Have you heard of the Baader-Meinhof phenomenon? It’s another term for the cognitive bias of ‘frequency illusion’: that feeling when you hear a word or a phrase, perhaps for the first time, but from a variety or sources in different circumstances, and with a recurrence that verges on alarming, like you’ve discovered a glitch in the matrix.

Anyway, that’s a roundabout way of me telling you I’ve been seeing and hearing the phrase ‘bummer jam’ thrown around a lot recently. Mostly it’s been in reference to the depressive doom of the mighty-feeble Harvey Milk – all drawn-out riffs, pounding percussion and anguished vocals. But it’s also perfectly suited to Bay Area heavyweights Kowloon Walled City, newer kids on the block clearly taking their cues from those Athens brain-bruisers – I mean, in this genre (if it is a genre) who isn’t? – but maybe with a tad more groove in their step? Less bummer, more jam?

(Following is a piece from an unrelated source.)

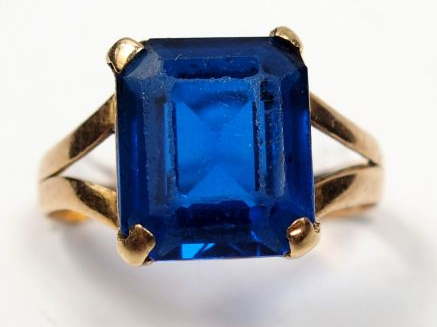 Bague en or jaune, ornée d'un saphir synthétique taille émeraude. TDD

That’s certainly the case with their third long-player Grievances, their first for Neurosis’ imprint Neurot Recordings and the best thing that label’s released in ages. Part of it is in guitarist/vocalist Scott Evans’ improved production, scaling the crispy recorded jam-room sound of 2012’s Container Ships with a much bigger and bolder scope. It’s all right there in the first strains of opener ‘Your Better Years’, that upfront, rich guitar tone picking a plaintive figure before Jeff Fagundes’ mammoth drums crash in, and Ian Miller (son of screenwriter Victor Miller, who wrote the first Friday the 13th, trivia fans) fills the remaining space with his enormous bass sound, creaking around the edges like an old ship’s hull.

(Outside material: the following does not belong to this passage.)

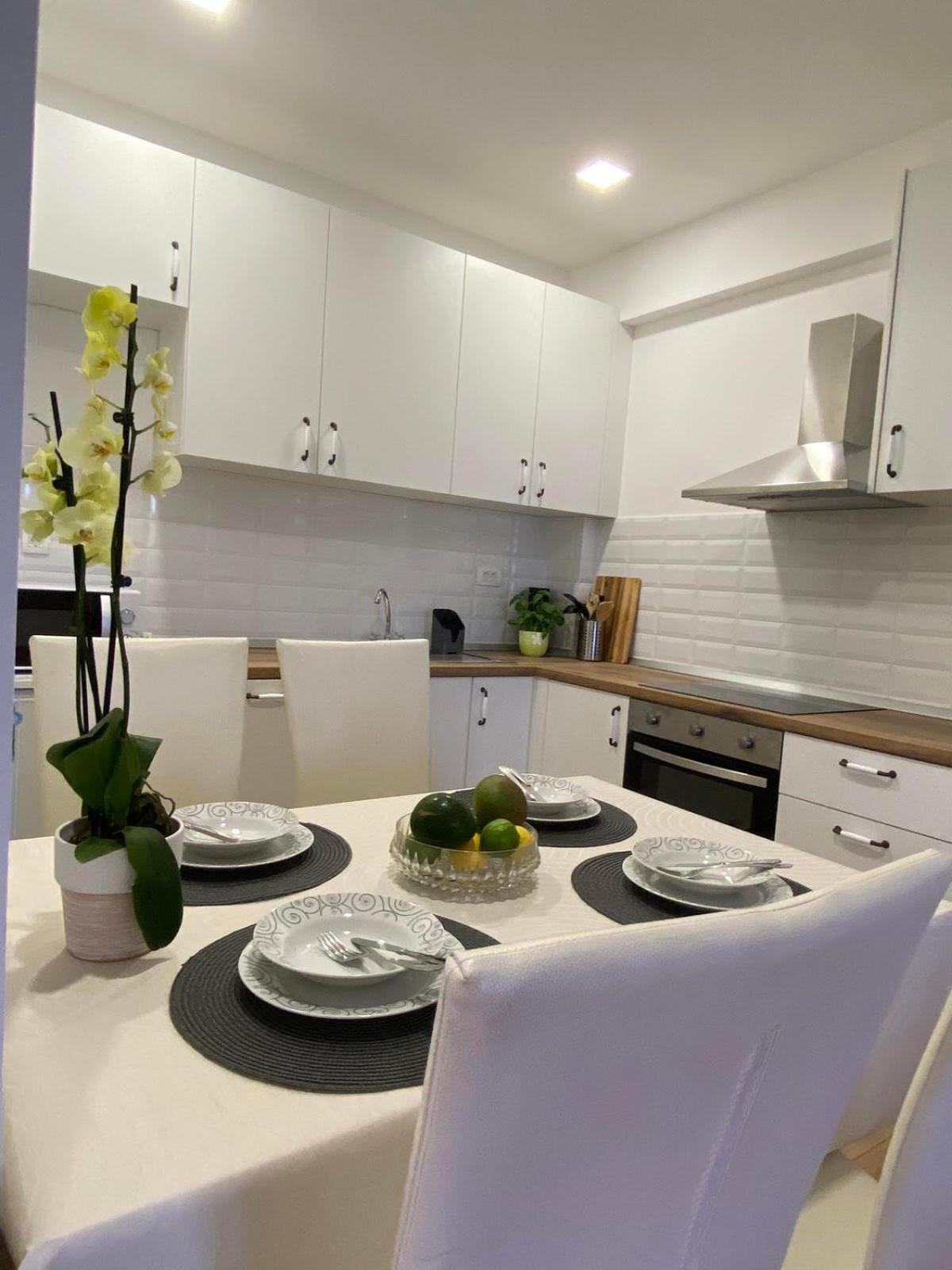 Apartment Megy *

Evans’ vocals are foregrounded stronger, though retaining that shouts-through-a-megaphone decay, apt for his D Boon-style impassioned sloganeering that’s fit for a protest march rather than the musician’s stage. “We’ve had better years, but bad years look better when they’re gone,” he chants in the opener, and it’s less a song lyric than sound advice from a friend who’s been through some shit and then some.

But there’s better flow here, too. Container Ships was a good collection of songs, but Grievances is an album in the best possible sense, the mood of ‘Your Better Years’ blending seamlessly into the title track’s syncopated bars that in turn pave the way for a hair-raising shift in the middle to a stomping, crushing riff-out. Then ‘Backlit’ echoes that stomp in its first moments before stretching out into a slow-paced jam with occasional breath-tightening double-time snare hits – a motif ‘The Grift’ doubles down on, with Evans’ and Jon Howell’s downtuned strings alternately playing off each other with complementary melodies and meshing for that twin-guitar power attack. You get the idea.

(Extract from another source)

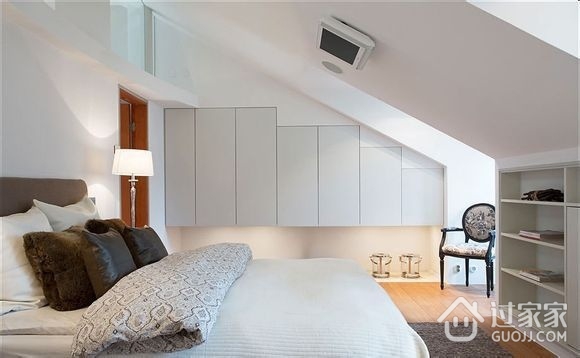 白色现代阁楼设计案例欣赏卧室灯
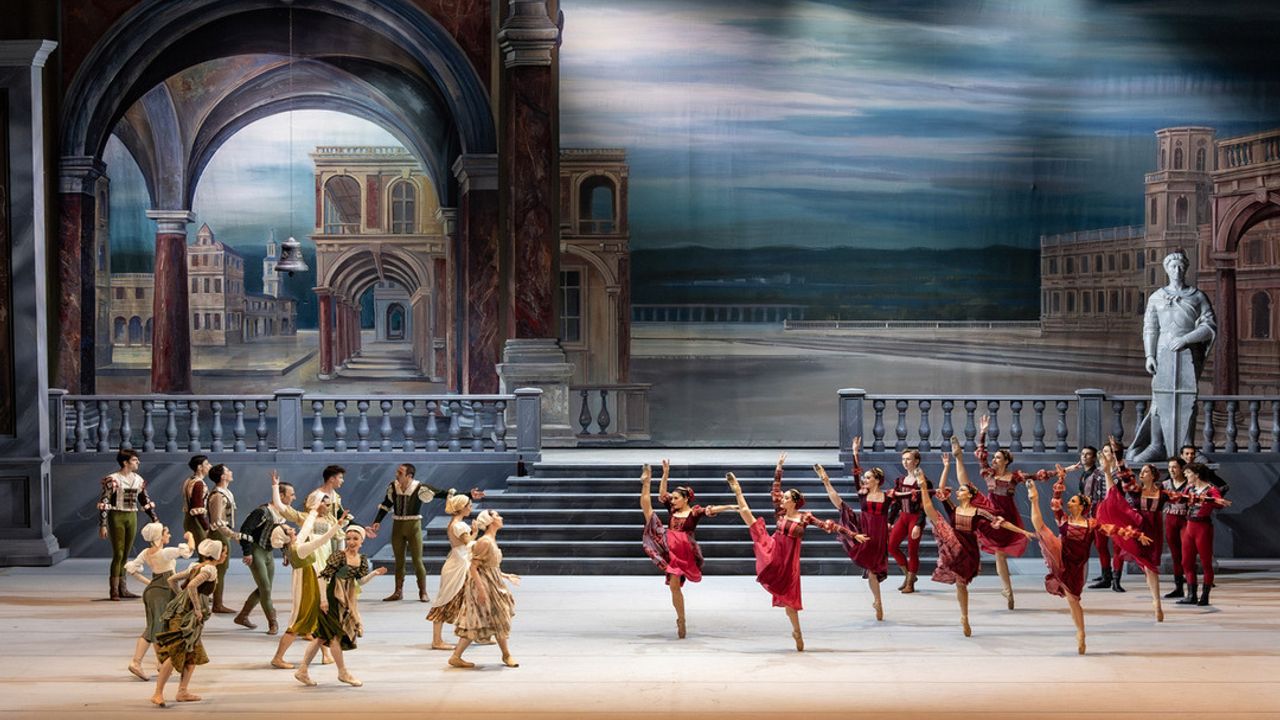 "Romeo ve Juliet" Balesi 21 Yıl aradan sonra AKM'de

There’s no illusion to this frequency; ‘White Walls’ and ‘True Believer’ continue in the same vein, phasing between post-sludge breakdowns and positively soaring riffs. And it’s all leading to the final track, ‘Daughters and Sons’, where the depressive sentiments of Evans’ words (“There’s no home for us here”) contrast the motivational thrust of the rhythm section and layers of slashing and chugging guitars – then a pause, and a deep exhalation as the song, and the record, gently dismantles itself, Kowloon Walled City having settled their grievances over the course of a cathartic 38 minutes.